Many factors contribute to endemic bad bus driving, but stress, anti-social hours and low pay are chief among them. The job is difficult and unpleasant, and there is a national shortage of people willing to do it. Turnover is as high as 40 per cent a year in some places.

"Each year we look for up to 20,000 new drivers," said Peter Huntington, the chief executive of Transfed, a national training organisation for bus, coach and taxi drivers. "Bus drivers don't have the status of pilots or train drivers and shiftwork isn't everyone's cup of tea."

The average wage - after a month's training for a Passenger Carrying Vehicle licence - is £14,500, compared to £38,000 for a London Tube driver. Frequently, the main attraction is the training, which allows recruits to work as lorry drivers.

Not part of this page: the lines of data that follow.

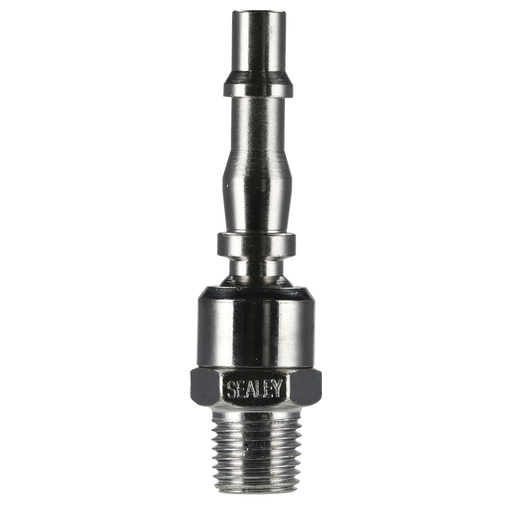 Sealey Screwed Swivel Adaptor Male 1/4" BSPT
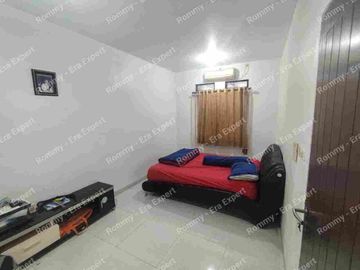 Rumah Mewah Siap Huni Fasilitas Lengkap di Harapan Indah Harga Nego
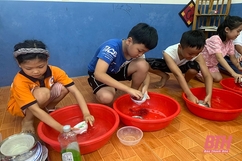 Đồng hành cùng con phát triển kỹ năng trong kỳ m88 cá cược thể thao trực tuyến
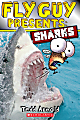 Scholastic Reader, Fly Guy Presents: Sharks, 3rd Grade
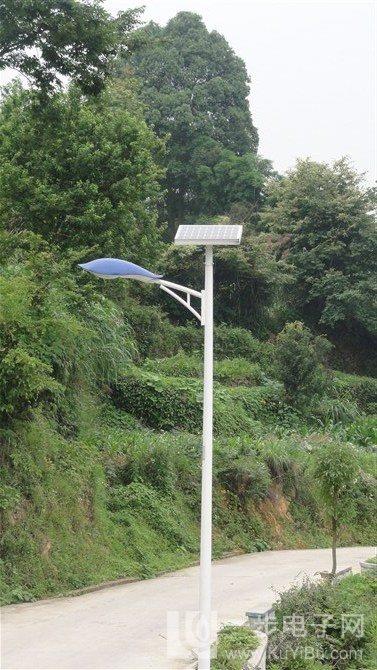 重慶太陽能路燈經銷商-重慶太陽能路燈安裝價格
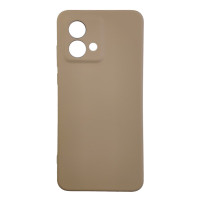 Чохол Silicone Case for Motorola G84 Sand Pink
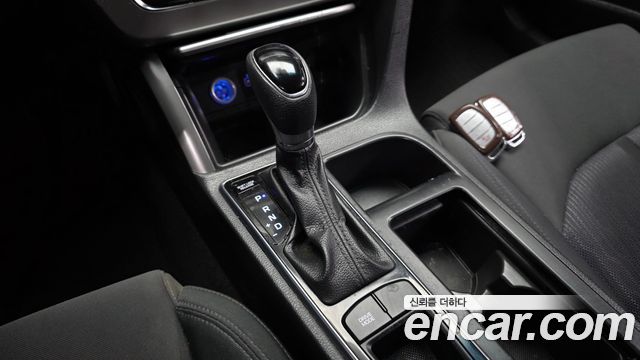 Hyundai Sonata 2016 — photo 12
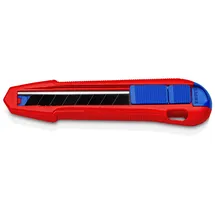 Knipex 90 10 165 BK CutiX Universalmesser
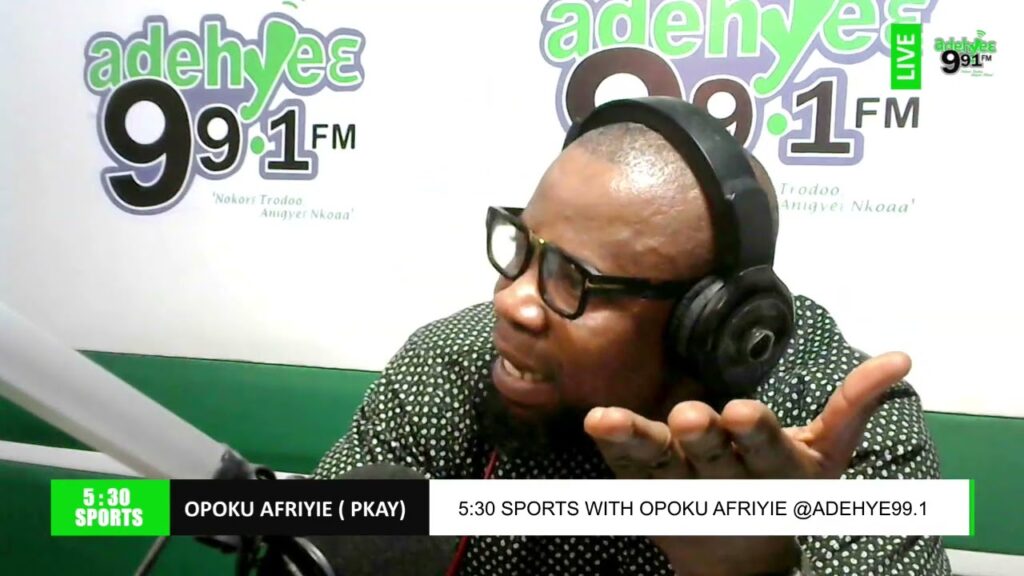 Afriyie Barnie and Danlad Ibrahim in the blackstars list of the world cup will promote Ghana League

Some companies try to take on older, less aggressive drivers. But low wages make this hard. "Companies have difficulty recruiting drivers of the right quality or drivers at all," said Caroline Cahm, chairman of the National Federation of Bus Users. "You can say they're not getting the right incentives but the fact remains that driving buses is a nightmare."

The point on which the bus companies and passenger groups agree is that few improvements will come without help from traffic planners. In particular, they want bus lanes properly enforced and priority for buses at traffic lights.

"People say buses are unreliable and late when the bus is often just stuck in traffic," said Mike Bartlett of the Confederation of Passenger Transport, the trade association for the bus industry. "We're between a rock and a hard place until there are more bus lanes."

Mr Prescott has promised local authorities £700m over three years for "bus support measures", special lanes and traffic lights giving priority to buses. Ms Hall complained to Metroline but the company said none of its drivers had any knowledge of the incident. She is preparing a civil action.

New national codes of practice on train driver recruitment and training have been issued, said the Association of Train Operating Companies. One driver in last October's Paddington rail crash that left 31 people deadhad qualified just 13 days before, though a Health and Safety Executive interim report did not doubt his suitability. The public inquiry into the disaster opens on Wednesday.